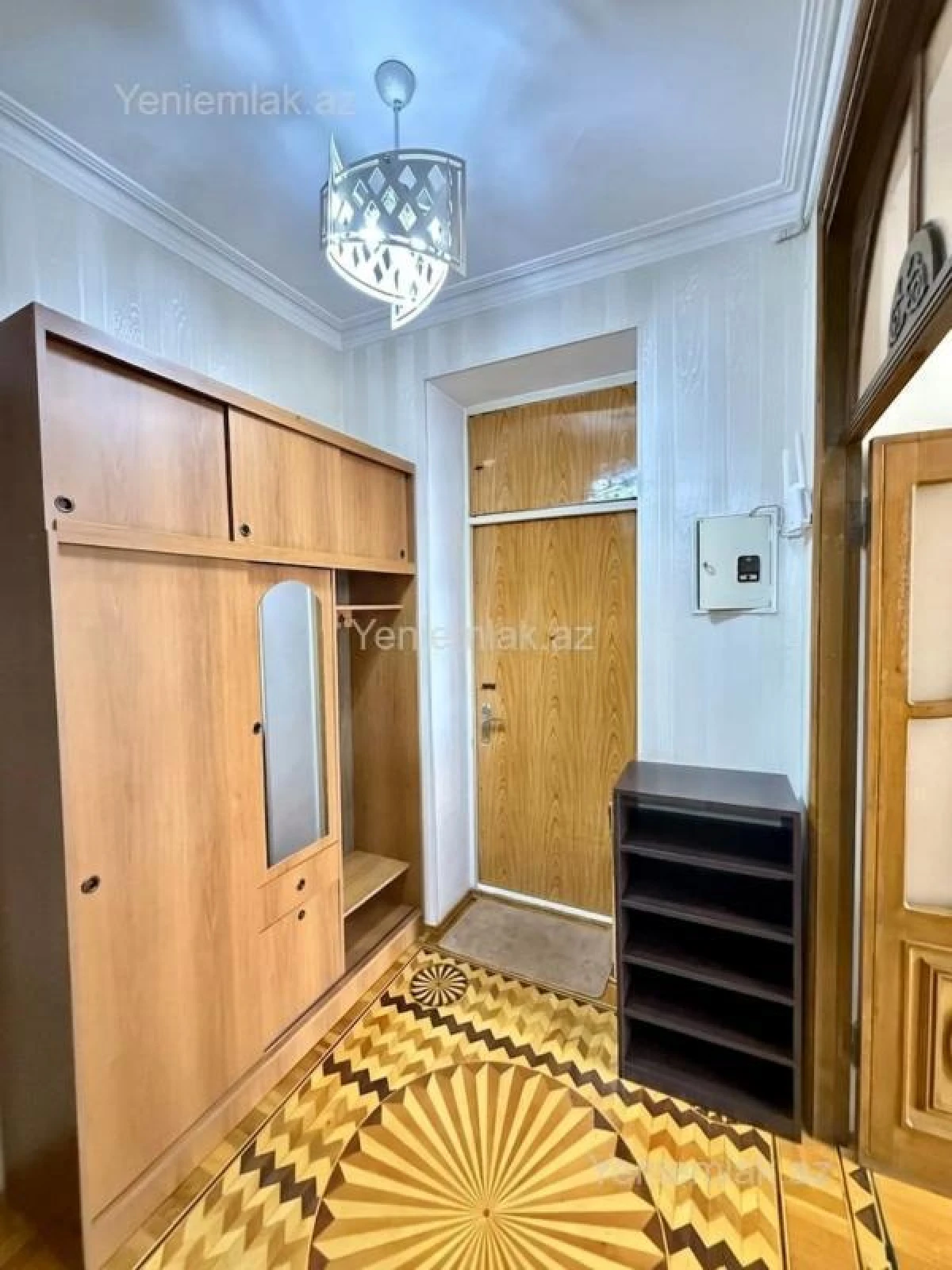Satılır 3 otaqlı köhnə tikili 84 m²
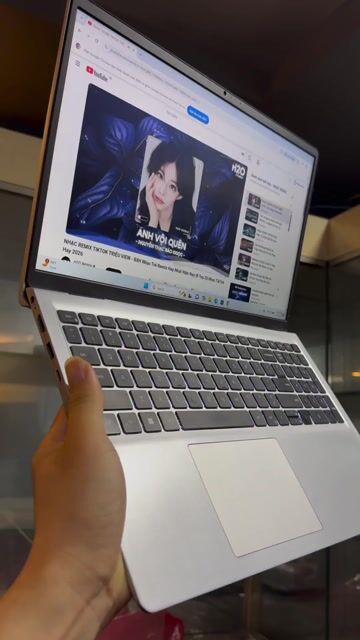 Thanh lý Laptop dell văn phòng card rời. Mua bán Laptop tại Quận Gò Vấp Tp Hồ Chí Minh được đăng bởi Thanh lí cầm đồ hình 1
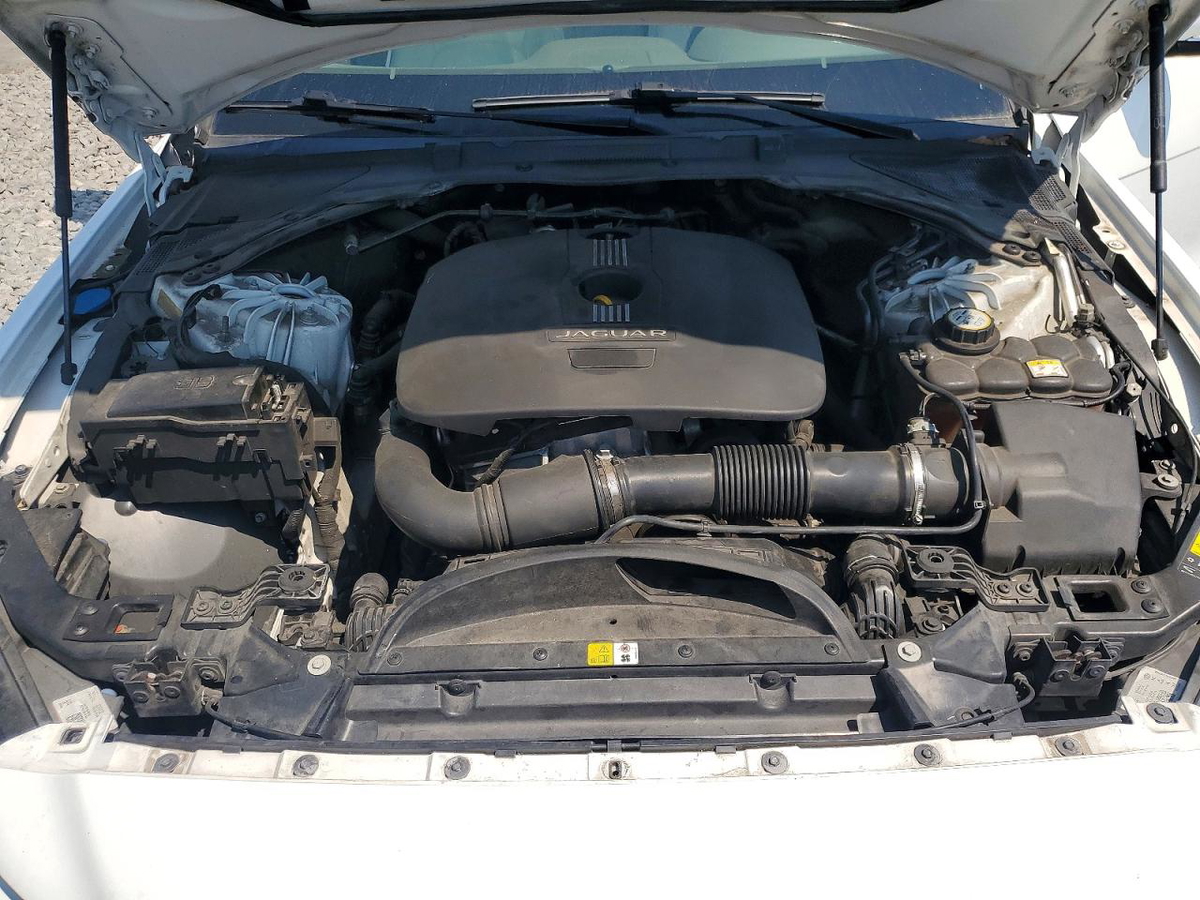 Jaguar XE 2017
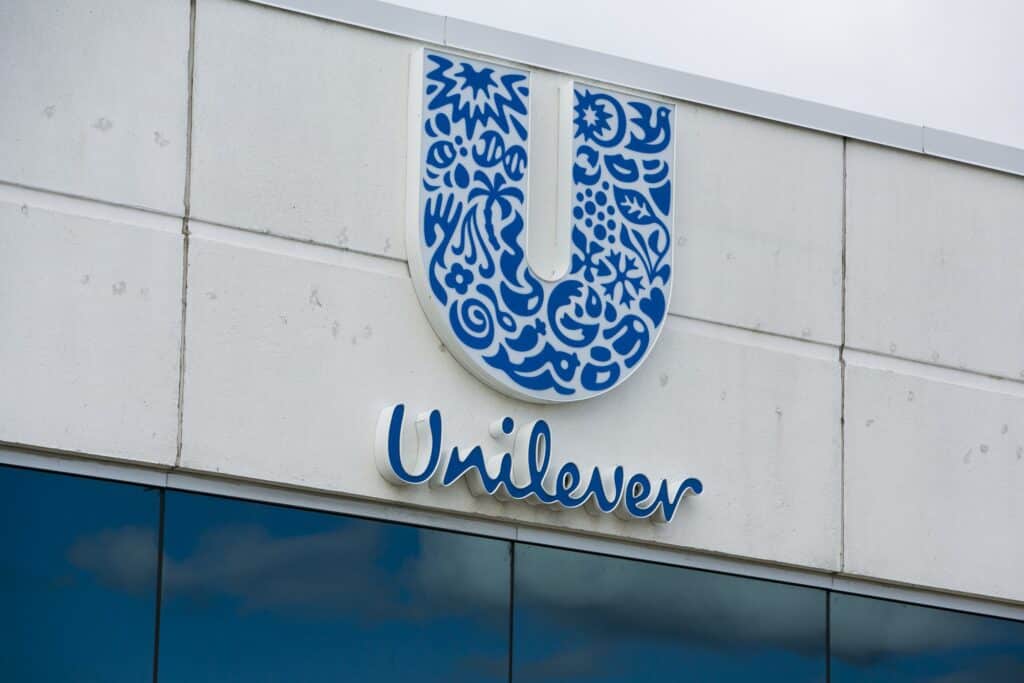 Unilever:Με στόχο να αντισταθμίσει τα χρόνια χαμηλής απόδοσης και να αξιοποιήσει νέους αγοραστές στην εποχή μετά την πανδημία.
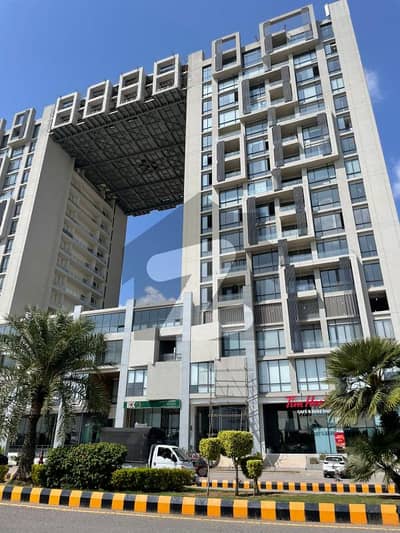 10 Marla Develop Possession & Park Face Plot Available In A bliock Of Gulberg Residenica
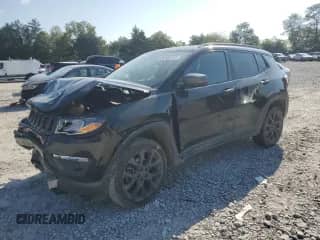 2021 Jeep Compass 80th Anniversary с VIN 3C4NJDEB7MT576116, выставлен на аукционе Copart как лот 80185145 с пробегом 102 938 миль миль и Списание • Salvage title. История ставок и продаж доступна на DreamBid. Изображение 1.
* * *
◆ **Your assignment**
Set down each of the records precisely, leaving any pictures behind.

◆ **Task result**
Satılır 3 otaqlı köhnə tikili 84 m²
 Thanh lý Laptop dell văn phòng card rời. Mua bán Laptop tại Quận Gò Vấp Tp Hồ Chí Minh được đăng bởi Thanh lí cầm đồ hình 1
 Jaguar XE 2017
 Unilever:Με στόχο να αντισταθμίσει τα χρόνια χαμηλής απόδοσης και να αξιοποιήσει νέους αγοραστές στην εποχή μετά την πανδημία.
 10 Marla Develop Possession & Park Face Plot Available In A bliock Of Gulberg Residenica
 2021 Jeep Compass 80th Anniversary с VIN 3C4NJDEB7MT576116, выставлен на аукционе Copart как лот 80185145 с пробегом 102 938 миль миль и Списание • Salvage title. История ставок и продаж доступна на DreamBid. Изображение 1.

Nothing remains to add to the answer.